## Girls’ Angle Bulletin, Volume 9, Number 2

Volume 9, Number 2 begins with the first half of an interview with French mathematician Alice Guionnet. Prof. Guionnet is a professor of mathematics at MIT and an expert on random matrices.

In addition to the interview, there are 2 more articles in this issue that pertain to probability and statistics. One is the concluding half of Prof. Elizabeth Meckes articles on the laws of probability.  This time, she pulls up the curtain on the central limit theorem. The other is this issue’s Math In Your World, which describes an activity led by Girls’ Angle Support Network visitor Jinger Zhao. Jinger is a financial modeler who works at TwoSigma, a hedge fund based in New York City. At the club, Jinger uses statistics to model the connection between wingspan and height.

Anna continues her investigation of irreducible polynomials over the finite field with 2 elements. In this installment, she works out the roots of all the irreducible polynomials of degrees 4 and 5. Anna’s entire investigation traces back to an exercise suggested by Prof. Judy Walker in her interview from Volume 8, Number 6. Do you think you can see where Anna might be headed? If you do, follow your thoughts and see where they lead. You’re invited to tell us about it; we’d love to hear from you. If you’re falling in love with polynomials over $F_2$, check out this proposal for a new PolyMath project and the comments that follow.

Multiplication and exponentials are fundamental concepts in mathematics. For anyone working on learning these concepts, we hope Addie Summer’s Thoughts on Multiplication and our Learn by Doing on exponentials will be of use. The cover, which was created using MATLAB by MathWorks, honors multiplication.

Emily and Jasmine continue their quest for “nice” triangles. This time, they explore integer-sided triangles that have a 120 degree angle and establish a beautiful bridge between these and integer-sided triangles with a 60 degree angle.

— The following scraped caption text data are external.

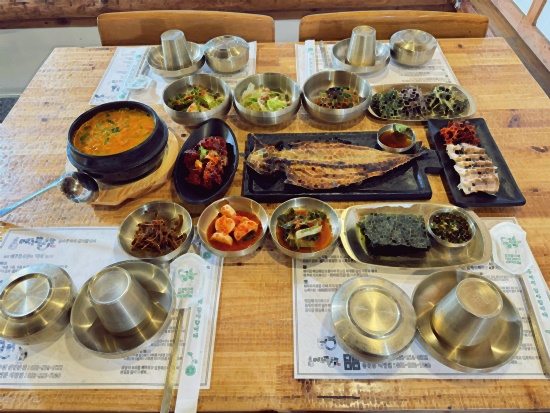 메주뜰소반 이미지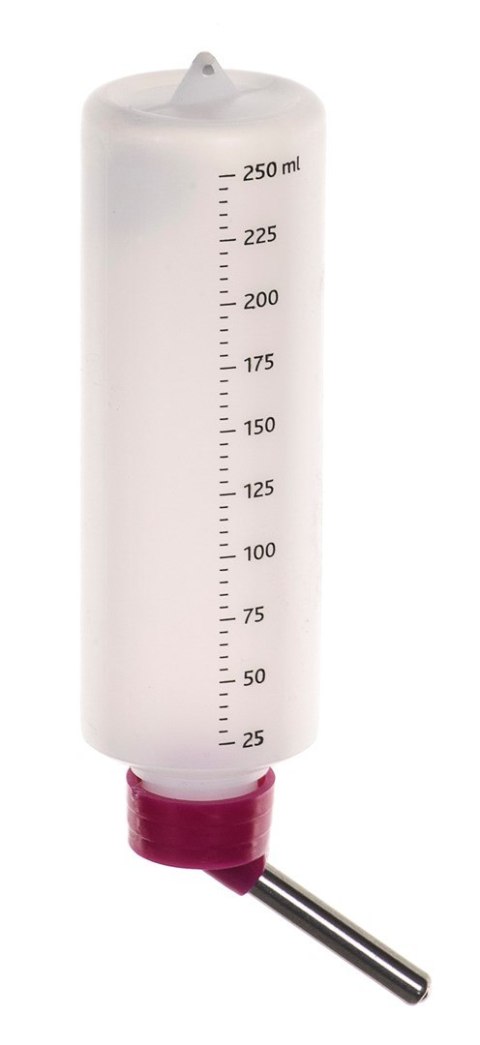 TRIXIE Poidełko dla gryzoni 250ml 6053 TRIXIE Poidełko dla gryzoni 250ml 6053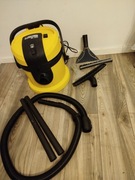 Odkurzacz piorący Kärcher SE 4001 Plus 0 W żółty/złoty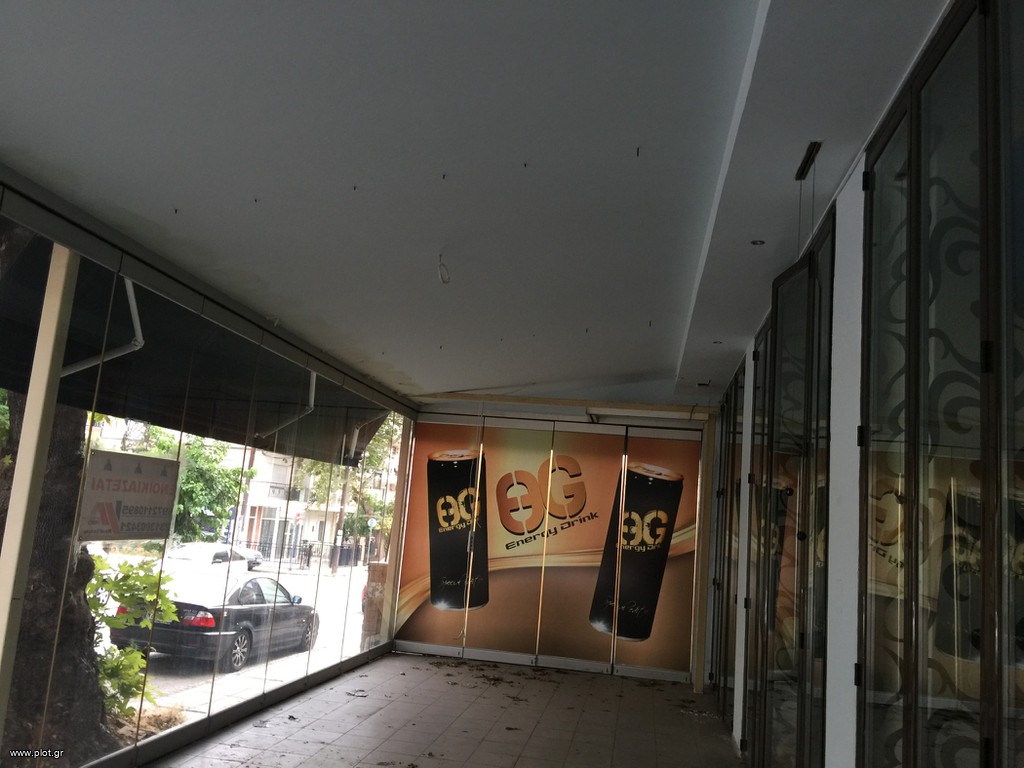 Κατάστημα 120 τ.μ. πρός ενοικίαση, Θεσσαλονίκη - Περιφ/Κοί Δήμοι, Σταυρούπολη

We conclude with some notes from the club. If you’re a girl, aged roughly 10-18 in the Greater Boston Area, you’re welcome to join. Our next session begins January 28, 2016.

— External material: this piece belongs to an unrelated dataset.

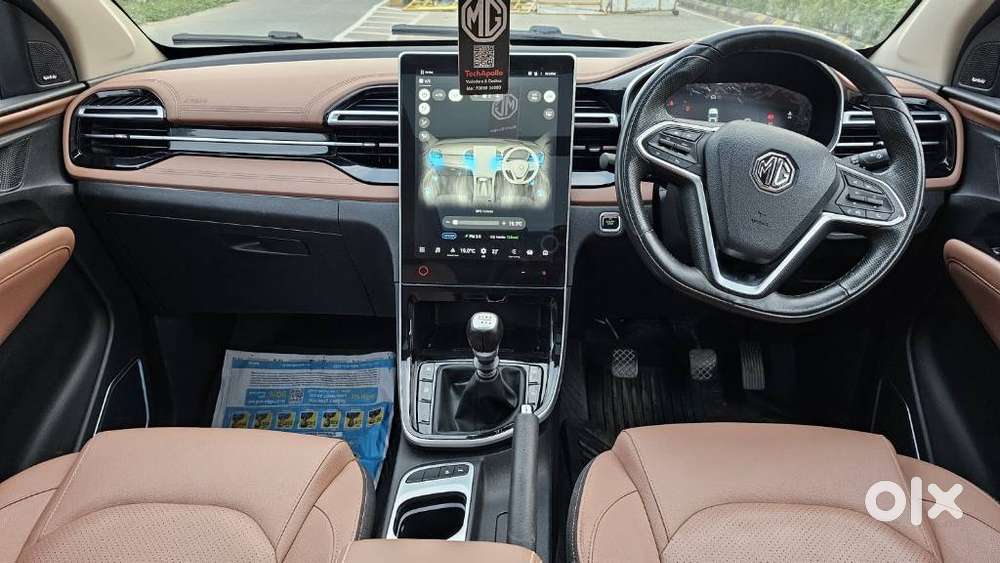 Mg Hector Sharp Pro 2.0 Turbo Diesel Mt, 2023, Diesel
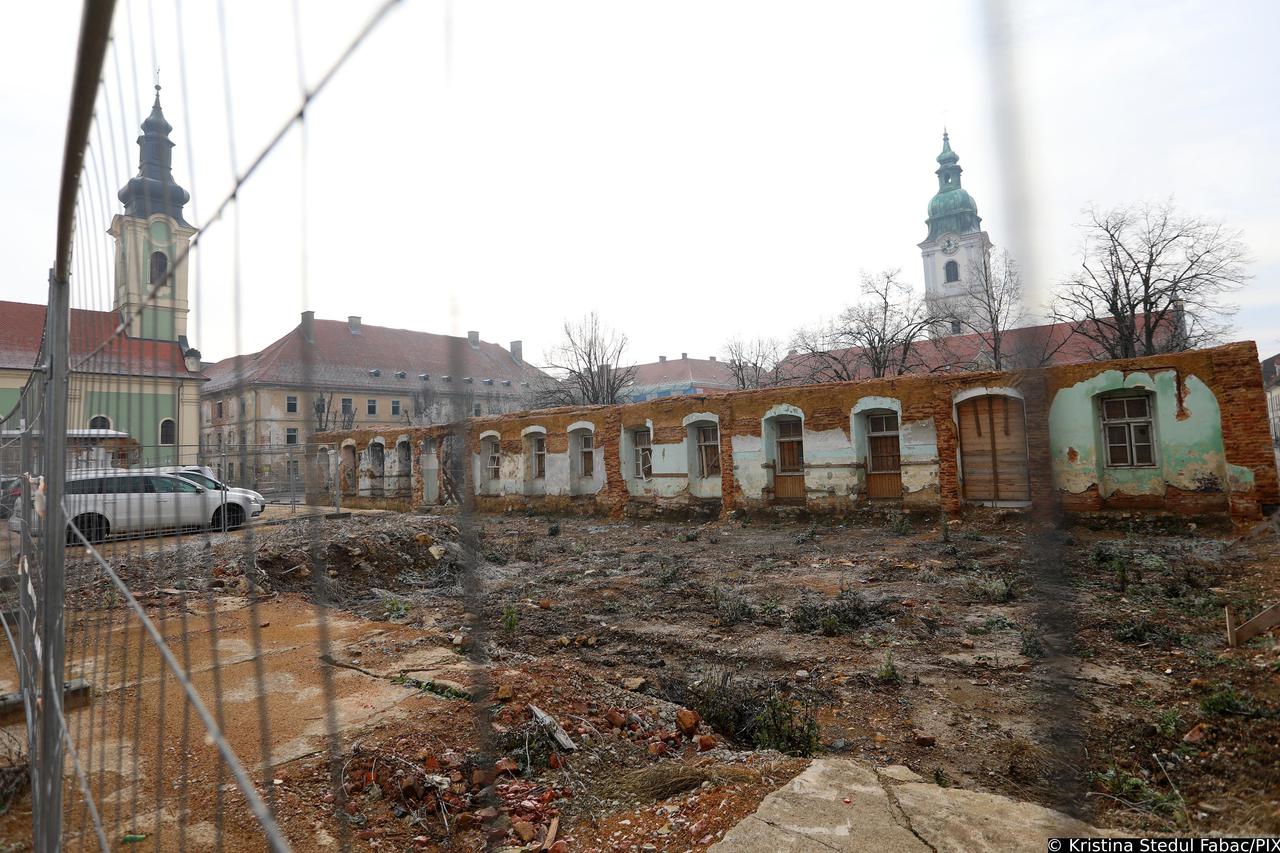 Karlovac: Reportaža o životu u staroj gradskoj jezgri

We hope you enjoy the Bulletin!

Finally, a reminder: when you subscribe to the Girls’ Angle Bulletin, you’re not just getting a subscription to a magazine. You are also gaining access to the Girls’ Angle mentors.  We urge all subscribers and members to write us with your math questions or anything else in the Bulletin or having to do with mathematics in general. We will respond. We want you to get active and do mathematics. Parts of the Bulletin are written to induce you to wonder and respond with more questions. Don’t let those questions fade away and become forgotten. Send them to us!

We continue to encourage people to subscribe to our print version, so we have removed some content from the electronic version.  Subscriptions are a great way to support Girls’ Angle while getting something concrete back in return.  We hope you subscribe!

## Girls’ Angle Bulletin, Volume 9, Number 1

Volume 9, Number 1 features material from two mathematicians: an extensive interview with Elizabeth Munch, Assistant Professor of Mathematics at the University of Albany and the first of a two-part article on the laws of probability by Elizabeth Meckes, Associate Professor of Mathematics at Case Western Reserve University.

Prof. Munch’s road to mathematics is interesting in that music plays a significant role in her life.  In addition to her mathematical degrees, she also holds a degree in Harp performance from the Eastman School of Music. Find out how her musical studies affected her discovery of mathematics. In her interview, she mentions Takens embeddings, and the cover features a kind of Takens embedding.  The embedding is actually a 4-dimensional Takens embedding consisting of two spatial dimensions and two that extend into the color space.

Statistics plays an important role in so many sciences. Research would grind to a halt without it. One of the most important results in statistics is the central limit theorem. Prof. Meckes has contributed an eloquent two-part article that explains the meaning of this theorem. In part 1, she explains the laws of probability.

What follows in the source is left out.